A number of participants spoke about their employment experiences in relation to their microtia. Some chose not to disclose their microtia (or any associated hearing loss) to their employer. Reasons for this included worry over potential discrimination or not considering microtia, or any hearing loss, to be a disability that would negatively impact their work:

I realized that what I’d done is effectively made it an invisible impairment…to avoid sort of possible prejudicial treatment that a lot of people with disabilities get in the workplace, but also probably [due to] a sense of being patronized. (Charles, 46, unilateral microtia, no reconstruction)

When a negative impact of microtia on employment was mentioned, this was primarily attributed to hearing loss, rather than appearance. Some felt their condition was often forgotten, perhaps because it can be concealed. Two participants spoke of their frustration about the lack of understanding employers had about the impact microtia could have on their work life and reported making their own adjustments to their work environment, rather than receiving support:

So everything in the office was the wrong way round for me, I have to have my computer on my deaf side so I can have my clients on my right side so I can hear them…getting these things put in place was torture and when I said to them “You know that I’m hard of hearing?” they still couldn’t understand why I couldn’t just keep swinging my chair round…I had to raise a grievance because nobody was listening. (Naomi, 60, unilateral microtia, reconstruction)

As I got older I did notice that in the working environment people weren’t always that understanding of the hearing side of things. I think maybe because I do cope quite well, they just forget. (Claire, 32, unilateral microtia, reconstruction)

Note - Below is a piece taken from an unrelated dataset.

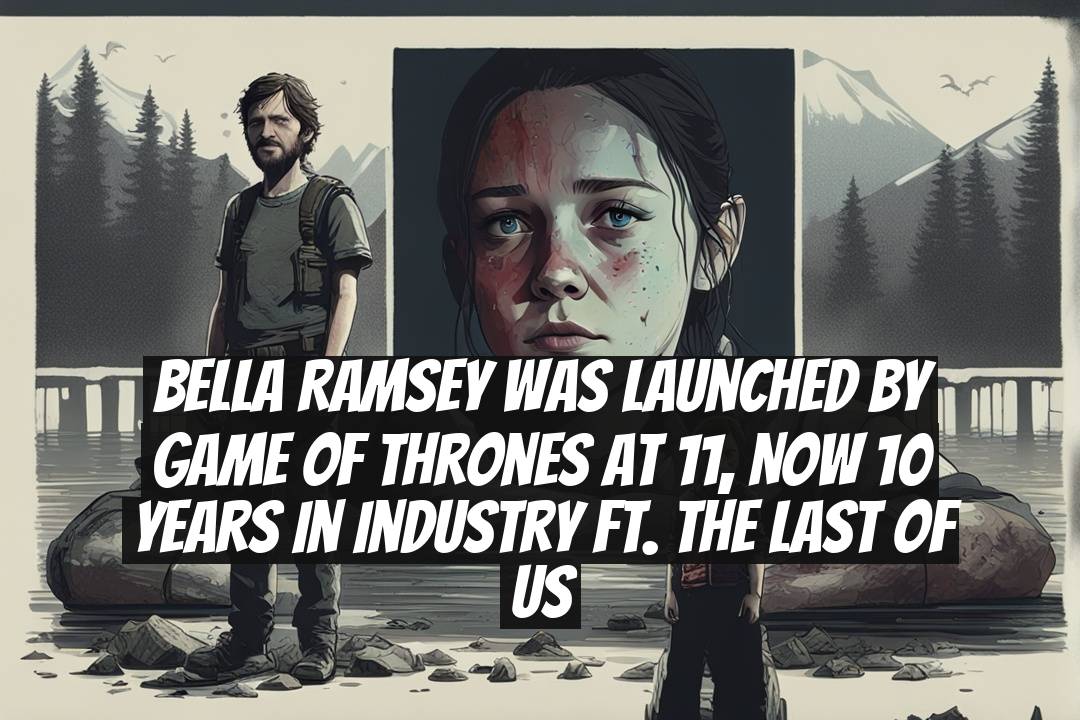 Bella Ramsey Was Launched by Game of Thrones at 11, Now 10 Years in Industry Ft. The Last of Us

Theme 2: Surgery as a Welcome Opportunity

This theme reflects participants’ recollections about the decision-making process for surgical reconstruction or receiving a prosthetic ear, in addition to their experiences of the operation(s), adjusting to their new appearance, and reflections on their decision.

Decision-making

Most participants were aware of their diagnosis during childhood; however, a few noted learning about their diagnosis and treatment options in adulthood. Since surgical options have significantly advanced in recent years, they had reached their adulthood without knowing about ear reconstruction or prosthesis. Discovering they had microtia meant reconstruction became an option for some. Some reported that making the decision to undergo ear reconstruction was straightforward, and others more difficult:

I’ve spent my whole life desperate for something, you know…I thought “Do you know what, if I don’t go through with it I will spend the rest of my life wondering.” And it was a big decision because at 38 years old, being a bit older, having a child, and working all around that, you know? (Beth, 43, bilateral microtia, reconstruction)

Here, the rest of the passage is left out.